The woman does not linger long after the body is gone. Rey is so close to that woman. She can almost reach out and touch her, grab her, assure her that there is still hope. She walks away, urgency and mission in her step. Rey looks at the empty spot where Ben had been and slowly walks toward it.

She had not thought of it before. She had been too hurried, too urgent. There was not enough time to think, to linger, to feel.

But if she fails, if she cannot save him, she must remember this, what was given so that she could live. She kneels down in the dirt and the death and slowly, delicately, takes up the sweater. It’s soft and breathable, not a cage.

She takes her moment now. The moment she had denied herself and she gathers the sweater in her hands, and hugs it to her chest, dropping her face into it, her fingers searching for anything of him that may still be there. This isn’t the same as the crest, the paper, the sabers- this is something else. This is not for anyone else, or for any other reason than that she wants it.

She decides that that’s a good enough reason as any.

###

“That’s it,” cried Kid, tugging at Ben’s hand and pulling him over the rocky terrain. “That’s it! That’s it!”
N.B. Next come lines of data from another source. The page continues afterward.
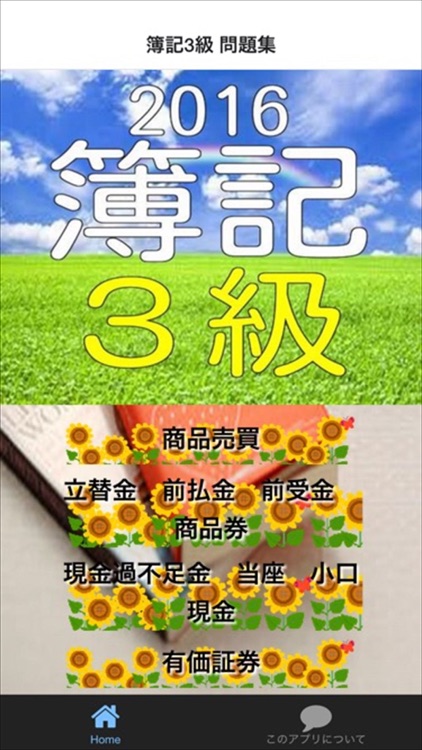 簿記３級　問題集　２０１６　一発合格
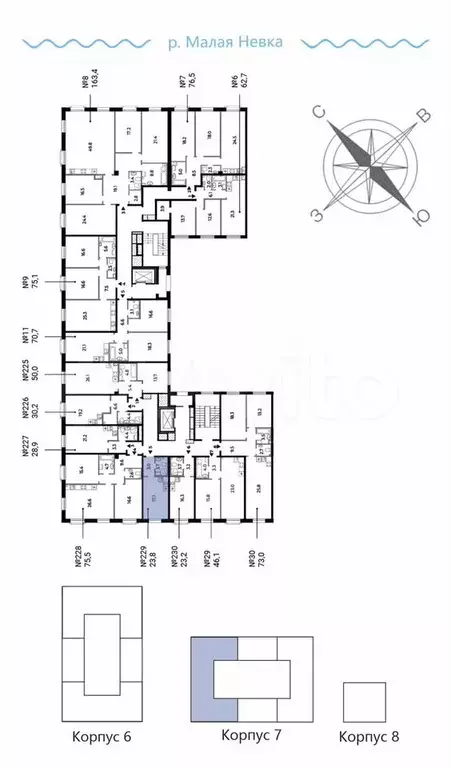 Квартира-студия, 23,8 м, 3/9 эт. - Фото 1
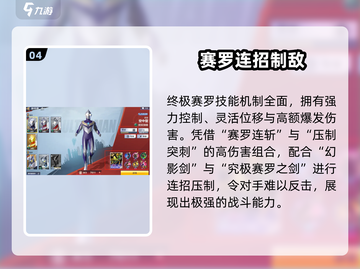 奥特曼超时空英雄最强角色揭晓💥🎮截图5
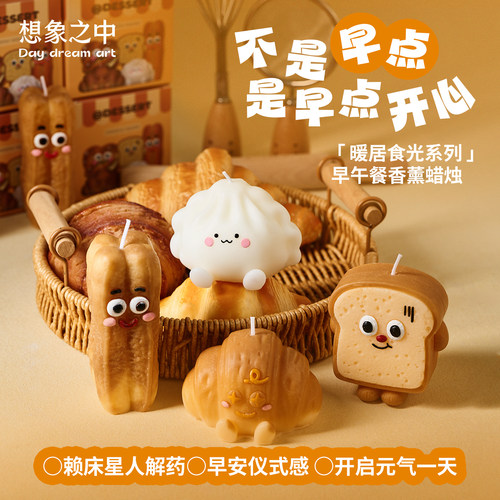 晨光里安静的呼吸全是麦香柔软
“’ Course it is,” Ben says, “looking at the towering spire, red and glinting in the electric sky. “What else would it be.” Kid starts moving starts running, stumbling in her excitement. “Hey settle down, you don’t want to fall and break her head before we get there.”

Kid scrunches up her nose but obeys. “My momma is there,” she says.
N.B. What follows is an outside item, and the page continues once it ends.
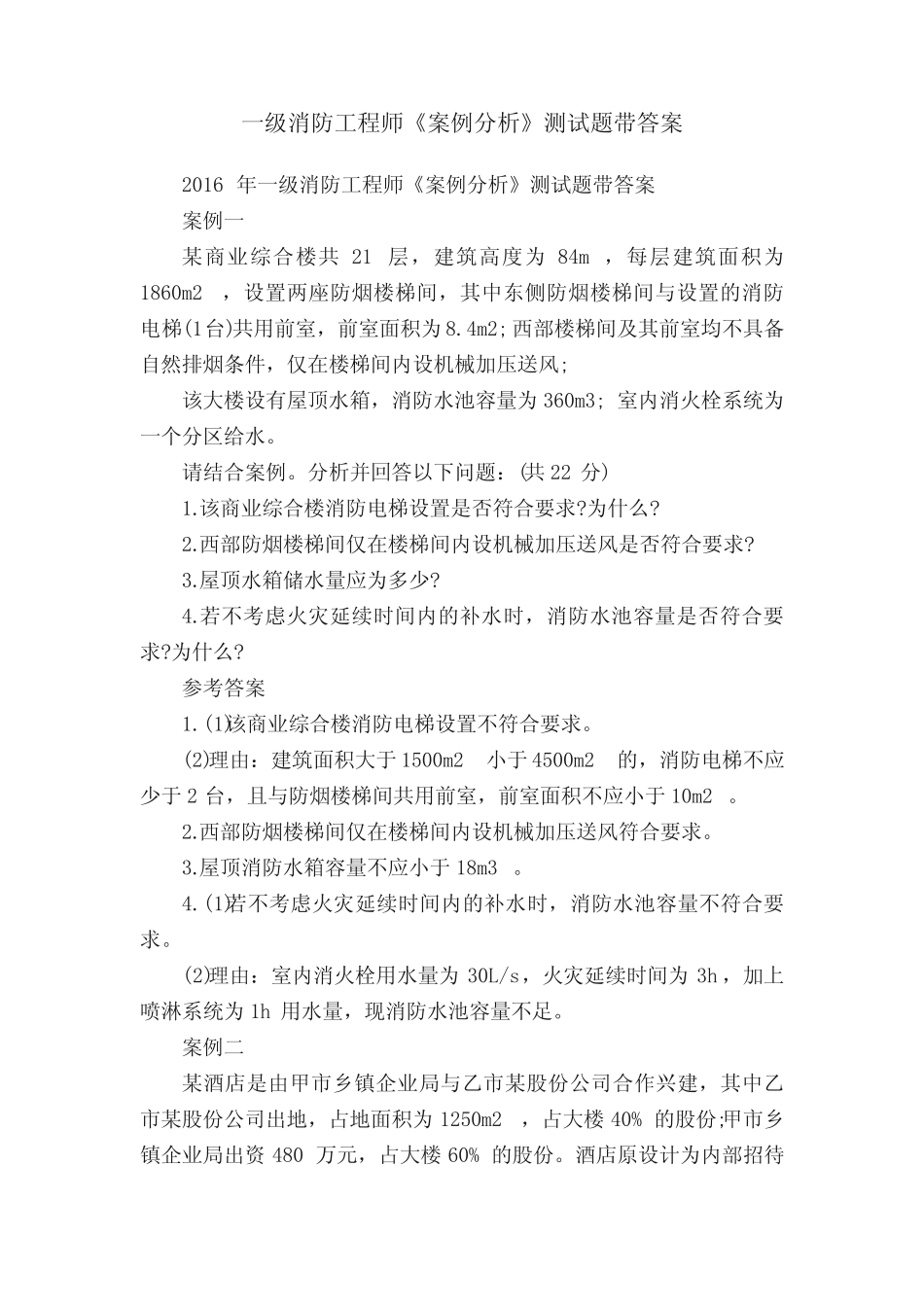 一级消防工程师《案例分析》测试题带答案 _第1页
“Will you be able to find her?”

“Oh yea,” she says with a firm nod. “The slaves are only allowed on the edges of the citadel.” She looks up at him, suddenly sad. “But you should stay put. They’ll let me in because I’m a slave but you’re…” she motions at him. “You’re not supposed to be here. The guards may kill you.”

“Guards?”

She nods. “Yeah,” she says. “The Massassi.”

“The ones who took your eye?”

She nods. “They are scary.” Ben nods and she looks up at him. “But I’ll protect you.” She’s smiling at him, at the joke, like she wants him to laugh. But he doesn’t, instead, he holds his her hand a little tight and nods.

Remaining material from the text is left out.